Marílio dos Santos, apontado como mandante do assassinato de Mãe Bernadete
Divulgação/SSP-BA
Um dos condenados pelo assassinato da líder quilombola Maria Bernardete Pacífio, a Mãe Bernardete, ocorrido em agosto de 2023, morreu após confronto com a polícia na cidade de Catu, cerca de 90 quilômetros de Salvador, na Bahia.
Marílio dos Santos, conhecido como "Maquinista", era apontado como o mandante do homicídio e estava foragido. A Justiça baiana o condenou na última terça-feira (14) a 29 anos e nove meses de prisão em regime fechado. Por não estar presente, o homem foi condenado à revelia.
Segundo a Secretaria de Segurança Pública (SSP) baiana, "Maquinista" atirou nas equipes que tentavam cumprir o mandado de prisão e acabou ferido. O criminoso chegou a ser socorrido, mas não resistiu.
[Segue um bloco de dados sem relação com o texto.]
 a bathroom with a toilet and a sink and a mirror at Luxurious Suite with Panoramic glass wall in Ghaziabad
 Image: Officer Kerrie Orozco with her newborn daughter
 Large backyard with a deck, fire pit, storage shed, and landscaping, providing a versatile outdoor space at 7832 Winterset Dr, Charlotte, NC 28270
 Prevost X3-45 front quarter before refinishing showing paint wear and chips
Com ele foram apreendidos arma de fogo e munições.
O outro envolvido, Arielson da Conceição Santos, apontado como o autor da execução da líder quilombola, foi condenado a em 40 anos, nove meses e 22 dias de prisão.
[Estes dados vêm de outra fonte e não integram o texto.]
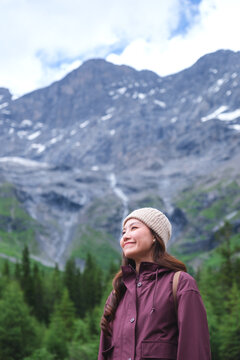 Vertical portrait image of a woman with mountain range in summertime, Chengdu, China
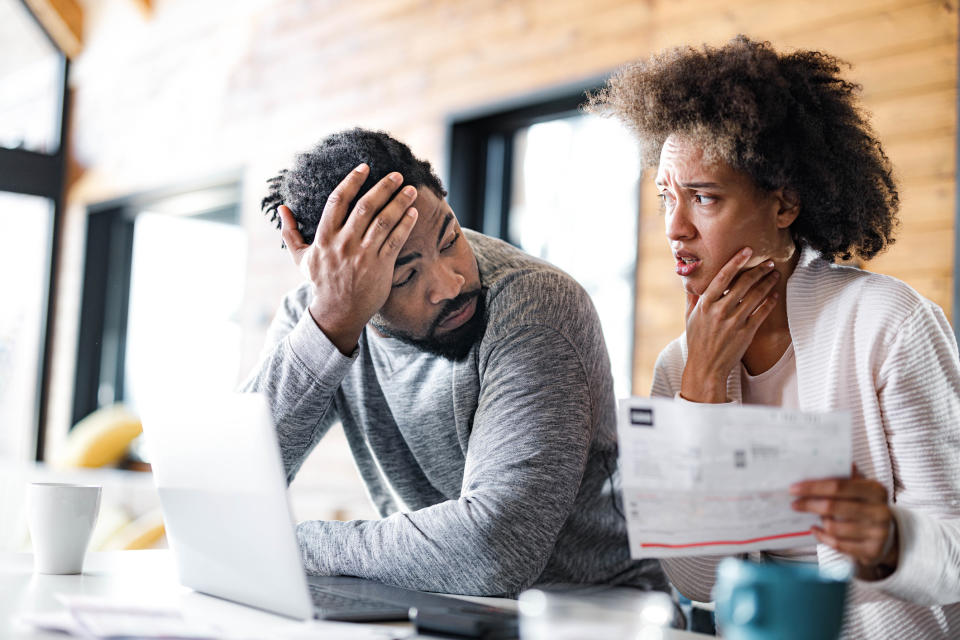 Two people looking concerned while examining a document in a home office setting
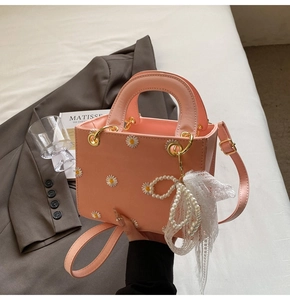 Close-up of pink tote bag featuring daisy embroidery, pearl beads and white lace trim detail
A motivação do crime, segundo as investigações, estaria ligada à atuação de Mãe Bernadete na defesa do território quilombola contra o avanço de grupos criminosos e a especulação imobiliária na região.
A líder era uma figura central na coordenação nacional de quilombos e lutava há anos pela elucidação de outro crime: a morte de seu filho, Binho do Quilombo , também assassinado em circunstâncias violentas em 2017.